Ensuite, cette transition aura un coût significatif, qu'il convient d'accompagner pour éviter de mettre en péril certains pans de notre économie ou de laisser certains de nos concitoyens au bord du chemin de cette transition verte. Nous devons le faire dans le cadre de nos capacités budgétaires contraintes, donc là aussi choisir, accompagner des filières qui devront devenir matures, réorienter les financements et en réévaluer le besoin.

Enfin, la maturité des technologies considérées diffère et l'intérêt des différentes solutions technologiques pourrait varier d'ici à 2050. Cela suppose de l'agilité, mais n'interdit pas des choix. Le surplace est aussi un risque.

La France, grâce notamment à son mix électrique décarboné, à la qualité de son écosystème de recherche-développement et celle de ses industries, dispose d'atouts considérables. La prise en compte de ces atouts par l'Union européenne et la préservation des intérêts de notre industrie sont des enjeux majeurs.

Le rapport de la mission présente ces différents enjeux, en analysant les avantages et les limites des différentes technologies ainsi que les orientations des filières de transport qui se dessinent, pour proposer une stratégie volontariste de développement des filières de biocarburants, de carburants synthétiques durables et d'hydrogène vert, articulée autour d'un triptyque : « impulser, accompagner, simplifier ».

« Impulser », car même si tous les choix ne peuvent être faits dès maintenant, un besoin de clarification des orientations apparaît.

« Accompagner », car des filières nécessitent une transition adaptée et nos compatriotes ont le sentiment d'être confrontés à des injonctions contradictoires et à un coût toujours plus élevé de la décarbonation de leur quotidien (logement, transports....). Compte tenu des effets potentiels du nouveau cadre européen, l'évolution des prix des carburants et son acceptabilité sociale sont une source de préoccupation pour la mission.

« Simplifier », car si la France et l'Union européenne ont pris des longueurs d'avance, la lourdeur des procédures, la taxation plutôt que l'incitation, pèsent sur notre capacité à nous adapter.

Pour la mission, la vision planificatrice de l'État doit également mieux se conjuguer avec les initiatives, les besoins et les contraintes des collectivités territoriales, qui jouent un rôle majeur dans le déploiement opérationnel des politiques publiques de décarbonation. Planifier est utile, mais cela reste une démarche macroéconomique soumise à de nombreuses variables.

Si un cadre global et une vue d'ensemble permettent d'éprouver les faisabilités, notamment quant à la capacité de mobiliser la biomasse ou de produire de l'énergie, mieux apprécier les dynamiques technologiques à l'oeuvre dans les start-up ou sur les territoires serait un apport considérable.

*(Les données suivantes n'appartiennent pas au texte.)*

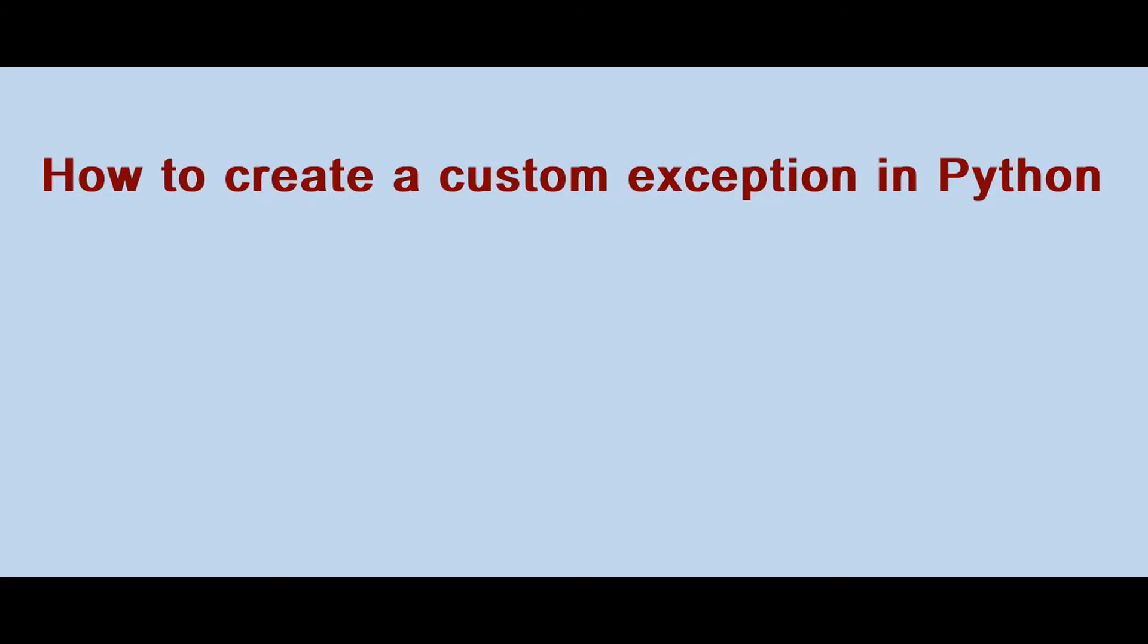Hello all, welcome back. This is Krista Baldino from Trinity Software. In this video let's see how to create a custom exception, also known as user-defined exception in Python.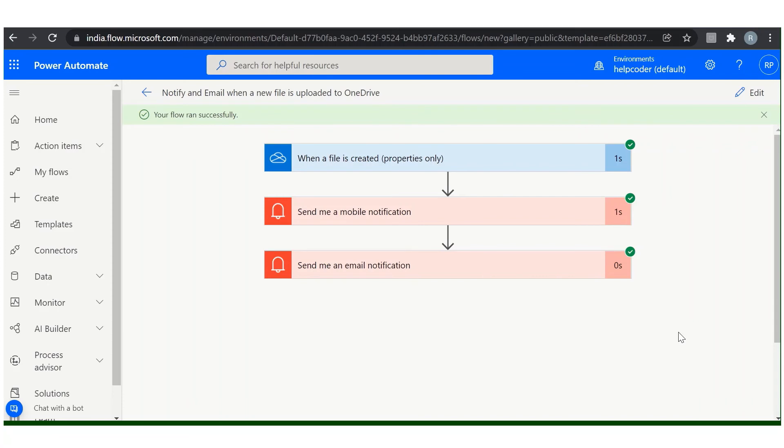And this is how it is easy to use the existing template which Microsoft provides. You just need to do the minimal configuration to use the template. In the coming video I will demonstrate how we can start with a flow from scratch. Hope you liked it and you are liking the videos in this series. Please like, comment and subscribe if the videos are useful and you are learning.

Sur ces différents points, nous livrons des propositions. Compte tenu de la complexité des enjeux et du temps imparti, ce rapport n'est pas un point d'aboutissement, mais plutôt une étape dans la réflexion du Sénat en vue de l'examen, prévu à l'automne, du projet de loi quinquennale sur l'énergie et le climat et du projet de loi de finances pour 2024.